Sunday, March 10, 2024

On “The Triune God” by Edmund J. Fortman *****

This work provides a quick synopsis of trinitarian thinking from the beginning of the Christian faith to the twentieth century. My interest was primarily in the first half of the book—really from the foundation of the church through the first couple of centuries—and these are the book's clearest passage. In fact, as Fortman lays out, the Trinity teaching doesn't really find full form until the time of Augustine, in the fourth/fifth century, with some major “clarifications” happening in the Middle Ages, with Thomas Aquinas.

Fortman, himself a trinitarian, does a good job providing a framework and even denoting—or admitting—that trinitarian teaching is only implied among thinkers in the first one hundred years or so. He runs through pertinent scriptures and also through pertinent passages in early writers. The doctrine would not begin to find substantial form until the beginnings of the third century, and even in that, there would be plenty to argue over for the next hundred to two hundred years. Earliest thinkers didn't spend much time trying to figure out the place of the Holy Spirit; incorporation of the spirit as a “person” within the godhead would only begin really near the end of the second century. Instead, the arguments were over how Jesus was God and how he was related to, or positioned against, the Father.

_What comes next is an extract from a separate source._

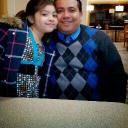 Gerson Lima - @limagersonll76 - Twitter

Many of the arguments seem heavily tinged in philosophy, and after Augustine, even more so. As later Catholics would affirm, the trinity is a mystery. In that sense, I'm left wondering why there's been so much attempt to explain it. As becomes clear, as the centuries go on, there really isn't a good way to explain it; the second half of the book is full of seeming nonsense speak. Our terminology doesn't have the words to express what is attempting to be said; and even some of the terminology used, such as person(a), has changed over the years such that that that older terminology is no longer even as meaningful apparently as it once was (even though no better terms have arisen). Fortman, as he discusses later thinkers, seems to affirm much of what Augustine and certain other thinkers said on the subject, but over and over I'm left wondering why so many insist on this view of God (or insist Christians hold to it), when the earliest Christian writers did not conceive of God in the same way (and thus wouldn't be Christians in the view of contemporaries). The assumption is, of course, that later writers were led to greater truths that go beyond those earlier writers—but if the doctrine is so essential, why did the early writers not have it? Are Christians perhaps arguing over and hypothesizing about the wrong thing?